Nearly Legal: Housing Law News and Comment

There’s a cheque on the table – s.21 and return of deposit

Gul v Bilal, Stratford Hearing Centre, 18 October 2021 (unreported. We’ve seen a note of hearing).

A County Court decision on a landlord’s application which adds to the not uncomplicated history of decisions on when a tenancy deposit counts as returned to the tenant for the purposes of s.215(2A) Housing Act 2004. (Previous cases here, here, and here). As a County Court decision, this is not binding, of course.

Mr G had brought a possession claim against Mr B in January 2020 on grounds 8, 10 and 11 (rent arrears). This had been met with a defence and counterclaim for, as far as I can tell, disrepair and penalty for breach of deposit requirements – an unprotected deposit. The proceedings had been caught by the PD 55C stay and a reactivation notice was filed in February 2021. The matter was then listed for a directions hearing, which was this hearing.

In the meantime, in June 2021, Mr G served a section 21 notice, and then, just over a week before this hearing (shortly after the expiry of the s.21 notice period), apparently made an application to be able to rely on the section 21 notice for a possession order at this hearing. (Unsurprisingly, the application had not made its way to the Court file.)

In support of the application, and the unsurprisingly contested validity of the section 21 notice, Mr G asserted that the deposit had been repaid to Mr B in January 2020, when he had attended the property with Mr B present and left a cheque for the deposit on the kitchen table. This was common ground, however, Mr B pointed out he had not accepted the cheque, didn’t want the deposit returned and had never cashed it. Mr G accepted that the cheque had never been cashed.

So, the question was did leaving a cheque with the tenant count as returning the deposit?

Mr Gul was represented by an ‘advocate’. It is fair to say he was not ready to engage with this issue (or indeed with anything apart from asking for a possession order, as will become clear).

Mr B’s counsel raised Chalmiston Properties Ltd v Boudia (our note) and Coltrane v Day (2003) EWCA Civ 342 – a ground 8 possession case – to the effect that a) the deposit had to have been received by the tenant before the service of the s.21 notice, and b) that a cheque did not represent payment unless accepted and then not until it was paid (although the payment date would then count as the date the cheque was given). As the cheque had not been accepted and not been paid, the deposit had not been returned.

The DDJ agreed and dismissed the application to amend to include section 21 on the basis that the amended claim had no prospects of success.

The claim was then given directions to trial of claim and counterclaim, on Mr B’s proposed directions, as the ‘advocate’ for Mr G had not prepared any directions.

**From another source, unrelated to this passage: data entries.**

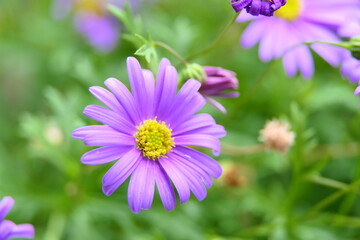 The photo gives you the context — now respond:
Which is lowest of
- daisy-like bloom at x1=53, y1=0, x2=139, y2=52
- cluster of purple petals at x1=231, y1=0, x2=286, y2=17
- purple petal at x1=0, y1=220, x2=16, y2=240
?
purple petal at x1=0, y1=220, x2=16, y2=240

Costs of the application and of the directions hearing awarded to Mr B, the latter on the basis that Mr G had made a last minute application to amend, failed to consider or agree directions, and failed to attend prepared for anything except a possession order.

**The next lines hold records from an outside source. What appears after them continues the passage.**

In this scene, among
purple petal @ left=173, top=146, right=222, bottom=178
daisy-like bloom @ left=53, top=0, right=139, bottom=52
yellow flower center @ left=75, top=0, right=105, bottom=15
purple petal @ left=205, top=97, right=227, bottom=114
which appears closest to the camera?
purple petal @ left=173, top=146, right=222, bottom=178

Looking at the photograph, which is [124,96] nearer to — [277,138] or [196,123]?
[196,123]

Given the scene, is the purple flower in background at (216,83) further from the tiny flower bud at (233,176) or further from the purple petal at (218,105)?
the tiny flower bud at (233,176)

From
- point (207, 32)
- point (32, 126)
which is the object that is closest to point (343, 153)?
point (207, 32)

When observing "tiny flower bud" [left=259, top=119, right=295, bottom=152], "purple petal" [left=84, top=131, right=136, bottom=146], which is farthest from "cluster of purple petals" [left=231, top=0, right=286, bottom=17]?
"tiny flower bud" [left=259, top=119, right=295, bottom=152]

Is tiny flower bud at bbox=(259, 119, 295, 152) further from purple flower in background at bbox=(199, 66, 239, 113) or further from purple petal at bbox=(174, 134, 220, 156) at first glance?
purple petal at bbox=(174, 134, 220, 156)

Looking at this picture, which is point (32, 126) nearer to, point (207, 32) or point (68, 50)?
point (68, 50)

Our thanks to Haroon Sarwar of TV Edwards for the note of hearing.

Comment

This decision, although non-binding, does rather leave Yeomans v Newell (our note) as something of the outlier on when a deposit is returned to the tenant. The general view appears to be that the deposit must not just be available to the tenant, or ‘on its way’ but received by the tenant before a s.21 can be served, if the deposit was not protected,

That said, Coltrane does raise the possibility that a landlord could hand a tenant a cheque, then serve a section 21, and if the tenant subsequently presented the cheque and it was paid, the s.21 would be valid as payment would count as of the delivering of the cheque. This would, it should go without saying, not be a tactic that any landlord should rely upon…

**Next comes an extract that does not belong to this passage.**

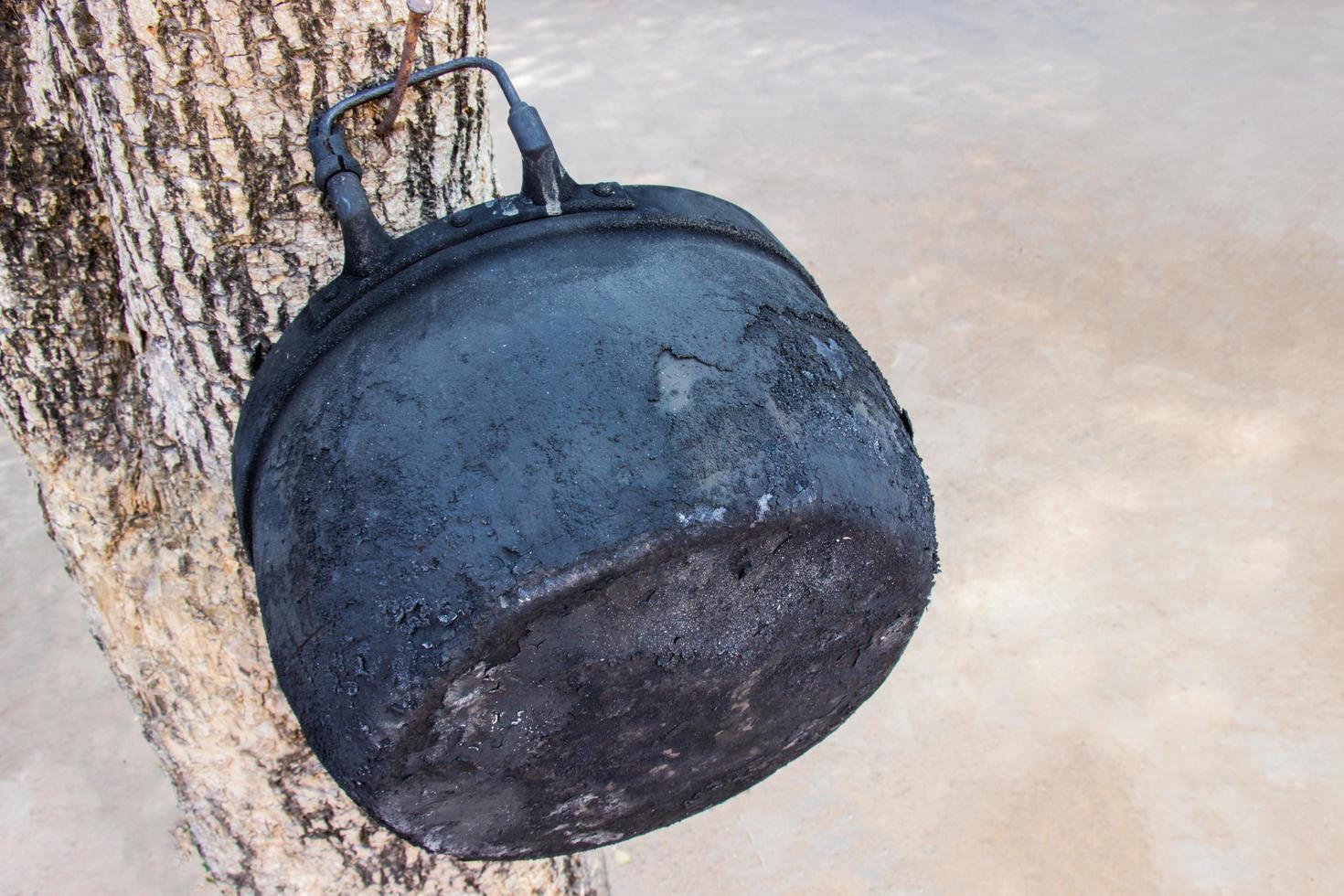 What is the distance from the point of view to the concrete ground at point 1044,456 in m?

(Addendum – I’ve been referred to Lingfield Point No 2 Limited v Hodgson, High Court (Queen’s Bench Division), Sheffield District Registry, 30 July 2015. This was a permission to appeal decision refusing permission to appeal from a County Court judgment that delivering a cheque counted as repayment of the deposit, where the deposit had been paid by cheque in the first place. But this was a permission decision, so not in itself an authority for anything, and I can’t see that Coltrane was argued or part of the ratio. So I’m not convinced that goes anywhere except being another counterpoint on an unsettled issue.)